■ **PROMPT**
Reproduce the entries below in full and without error.
-------- MATERIAL PROVIDED --------
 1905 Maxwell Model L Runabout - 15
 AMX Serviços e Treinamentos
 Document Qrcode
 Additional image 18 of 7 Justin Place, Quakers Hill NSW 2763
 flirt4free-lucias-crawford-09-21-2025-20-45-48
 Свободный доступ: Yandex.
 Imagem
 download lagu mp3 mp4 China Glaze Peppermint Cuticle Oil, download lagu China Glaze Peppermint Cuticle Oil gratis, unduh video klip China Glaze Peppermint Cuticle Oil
--------
■ **RESPONSE TO THE EXERCISE**
 1905 Maxwell Model L Runabout - 15
 AMX Serviços e Treinamentos
 Document Qrcode
 Additional image 18 of 7 Justin Place, Quakers Hill NSW 2763
 flirt4free-lucias-crawford-09-21-2025-20-45-48
 Свободный доступ: Yandex.
 Imagem
 download lagu mp3 mp4 China Glaze Peppermint Cuticle Oil, download lagu China Glaze Peppermint Cuticle Oil gratis, unduh video klip China Glaze Peppermint Cuticle Oil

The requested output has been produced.